He looked up at her and said,  “Well, I shot a girl.   I really didn’t mean to do it, but it just happened.”


The woman said,  “Just a minute.”  And she went to the jailor and said,  “Call the judge and have this boy released to my care.”  Within thirty minutes all of that happened and she took the boy upstairs to the apartment.


She got him showered, put some clean clothes on him, and she fed this little boy.  While he sat there and ate he told her his story.  And she asked,  “Where is your family?”  And he said,  “I ain’t got one.”  And she said, “You don’t have a family?”  And he answered,  “No. I’m all alone.  I’m just kind of wandering around.”


A few days later he appeared before a judge, and the judge sentenced him to a reform school.  He was only eight or nine years old.  As he was getting ready to leave for the reform school, he turned to this lady and asked,  “When I get out of the reform school, may I come back here?”


And she said,  “Why do you want to come back to the jail?  You need to go out and get on with your life and have some wonderful things happen.”


He looked at her and said, “You gave me a home that I never had.  So when I get out, I want to come back home.” 


Tears filled her eyes and she said to him,  “My son, you are always welcome here.”


She gave him a hug and he went off to reform school. 


When the woman heard the boy crying and decided to go into the cell and help him, it was a mountain experience.  It was in that experience — she was no longer a woman, she was no longer the wife of the sheriff, she was Christ to this boy, and she was mom.  And the boy finally understood why some people have someone in their lives that they can call mom — and he did not want to let go.

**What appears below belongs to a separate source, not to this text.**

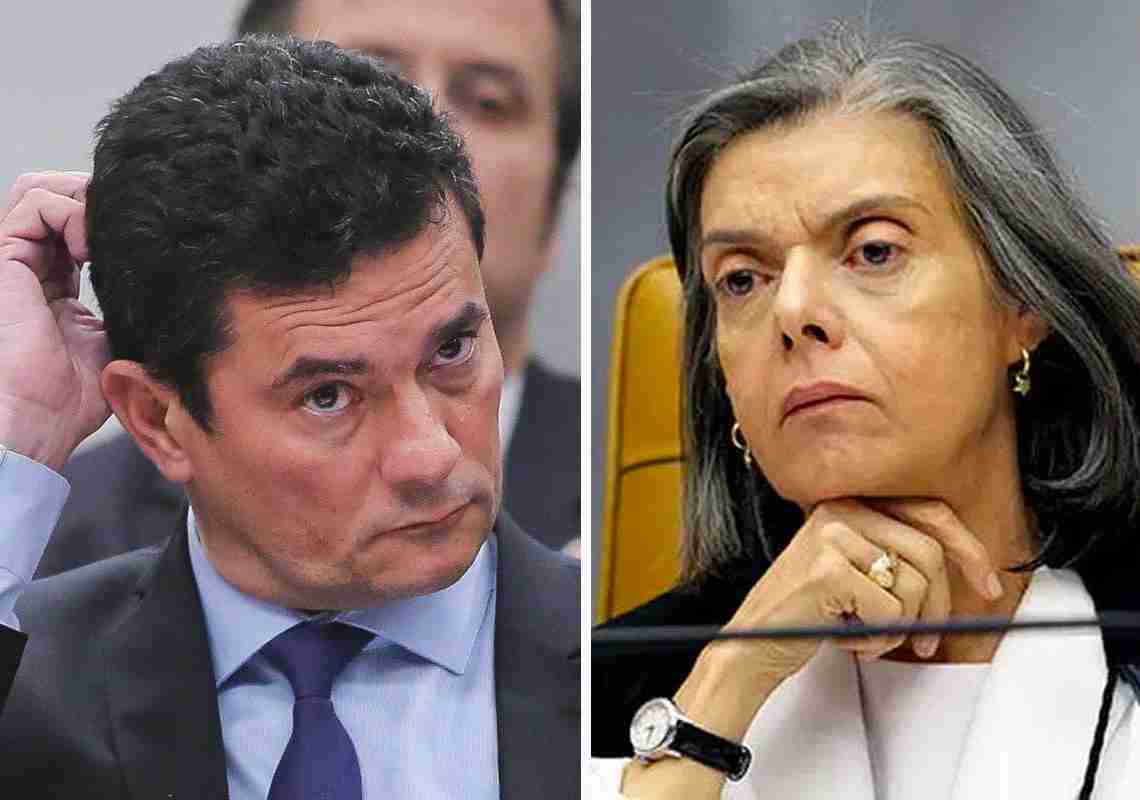 Sergio Moro nas mãos de Cármem Lúcia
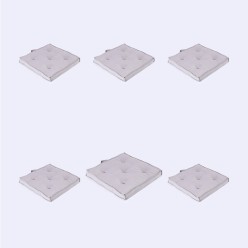 Cojin de exterior estandar piedra 42 cm - Pack 6 unidades 2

What have been your mountain experiences this week?  Is Lent moving along so fast that nothing has happened?  Or did God take you somewhere?  Was there something unique that happened?  Were you with someone and God asked you to do something and God said,  “Please come.”  And for some reason you came.  You didn’t put up excuses.  And when you came there was a difference in your life.


That’s what these forty days are all about. We’re not just tallying up, “One week down, five to go.”  Jesus would say,  “Get back to Ash Wednesday.  Get the ashes again.  You’re screwing the whole thing up.  It’s a forty-day journey.  I intend to intervene in your life, and I am going to take you places you may not want to go.  I may bless you in ways you will never understand why I blessed you.  But please, don’t take these forty days and scratch them off of the calendar every day. But live your faith.  Experience love.

Don’t take things for granted.” 


And remember: the day you graduated, or the day you got married, or the day I was ordained — it wasn’t for a day.  It was for a lifetime in an exchange with God that you and I would always be ready to listen. And God would always say, as he did to Abraham and to Paul, and to Jesus, and to Peter, James and John,  “Will you follow me?  Do  you want to experience love?  Do you want to have hope in your life? If you do, always make sure you answer the third question.”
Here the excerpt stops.